I hope you heal quickly!

Jenn

Thank you - the surgery went well though the surgeon said he couldn't repair the arteries. The nurse who came in when I got there said my BP was a little high, but it was because I was upset from the finger trauma. She only came back one time and that was to give me a percocet tablet that I didn't want to take because if my kidney's and the acetaminophen in it - my only concern was the amount of blood and the fact that it was spraying out. She said "Oh, that's just an artery, you have two in your finger, it looks worse than it really is". When the nurses aide came in, he took my temp & BP and didn't say a word but my husband said "Wow, isn't that kind of low?" and he shrugged his shoulders & walked out. He was the same one that had come in earlier and yank my arm from over my head to take the gauze pad off (I thought that wasn't supposed to happen either because of clotting) and left a long, deep cut on my thigh from something in his pocket.

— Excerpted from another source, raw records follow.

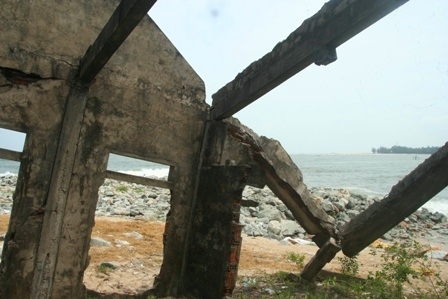 Hơn 300 mét bờ biển còn lại phải để không vì không đủ kinh phí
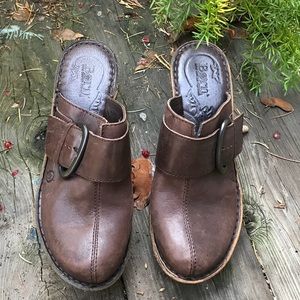 BORN BROWN LEATHER SLIP ON CLOGS HEELS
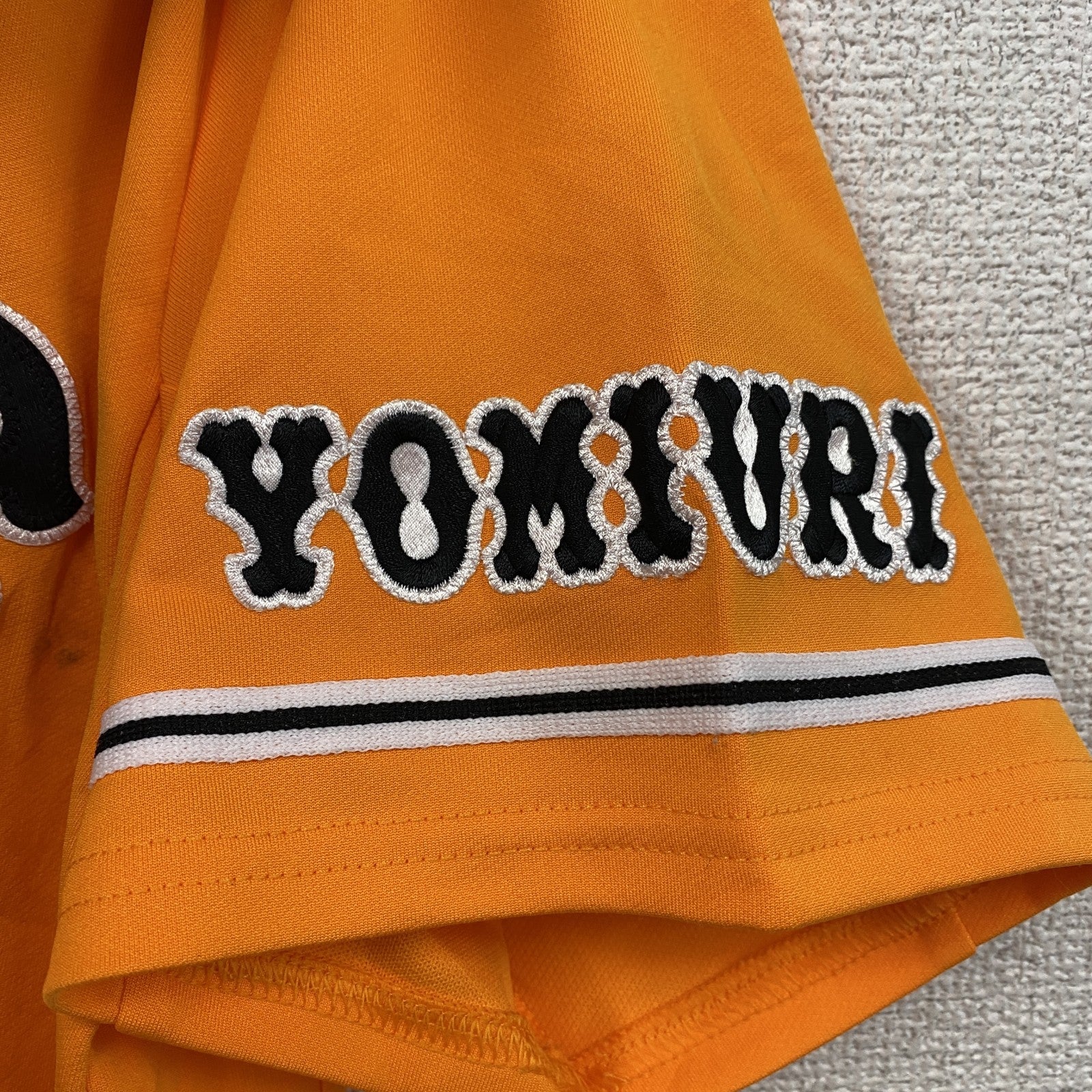 UNDER ARMOUR　アンダーアーマー　読売ジャイアンツ　GIANTS　ユニフォーム　オレンジ　SMサイズ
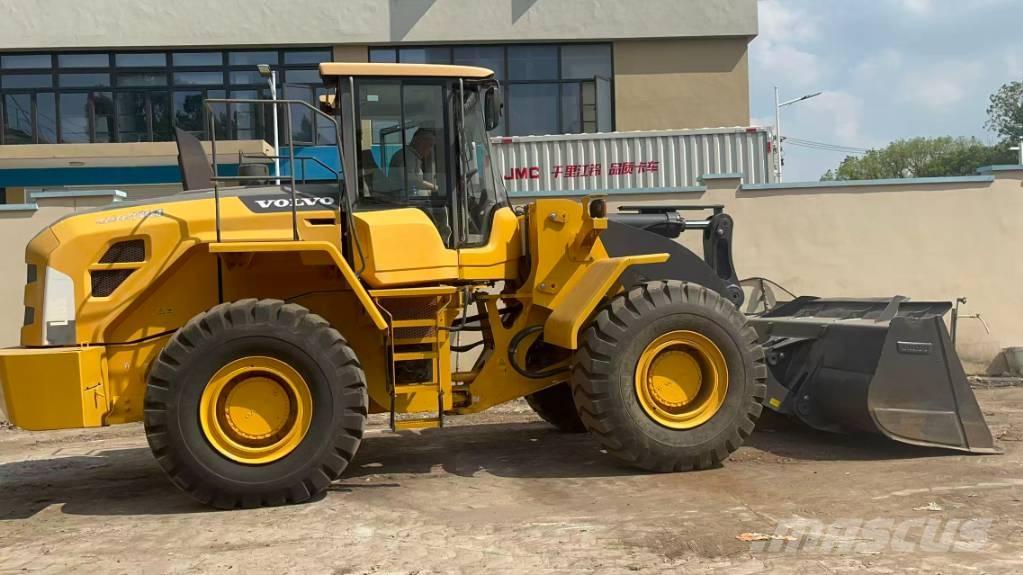 Volvo L 105 Gumikerekes homlokrakodók
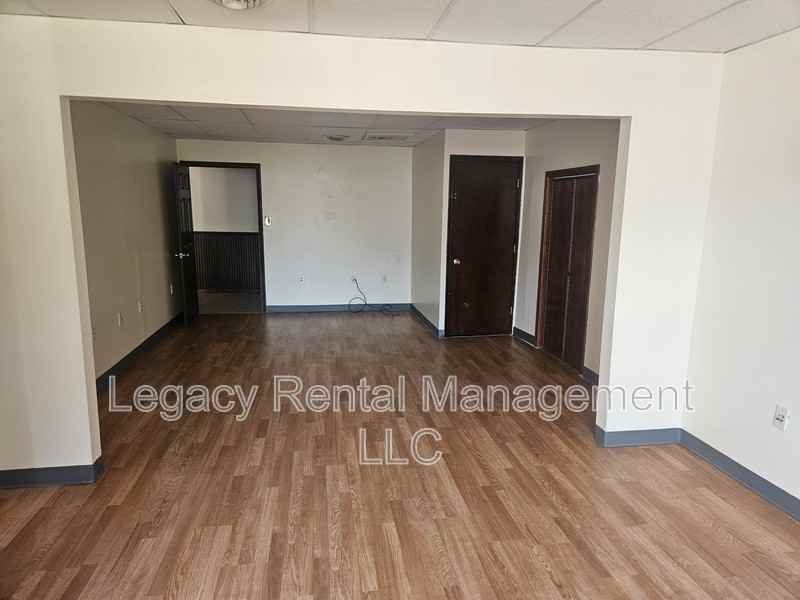 535 W Shawnee Ave 1st Fl - Photo 6 of 8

The surgeon is the person who said I was the most urgent case in the ER that night & that he was VERY upset that he had been given the other patient ahead of me, that I should have been priority. When he left after talking to me, he went over to the nurses station & made some angry looking gestures to them. There were no throat cuts, gun shots or anything else like that. We have 6 large hospitals in our area, two of them are Level I trauma and the one I chose was one of them. I guess we should have taken the extra 5 -10 mins to go to the teaching hospital. Maybe they aren't as fancy but I doubt I would have bled until I nearly passed out and I would still have hearing in BOTH ears right now,

Specializes in ER/ MEDICAL ICU / CCU/OB-GYN /CORRECTION.

What had happened to you is tantamount to neglect. I am sorry that occurred and hope you have totally healed. I along with the above poster think you should send a letter to the administrator and DON. I bet dollars to doughnuts this is not the first time this has occurred and with what you documented someone should be made aware.

Marc

Specializes in Emergency.

Sorry to hear about your experience. That was absolutely not the standard of care you deserved. Send a letter/email to the hospital with what happened. Sounds like that er needs a shake-up.

Heal fast.

"Be the change you wish to see in the world"

This horrible experience should encourage you to be a nurse!

Sorry you had to go through that! Hope you are feeling better.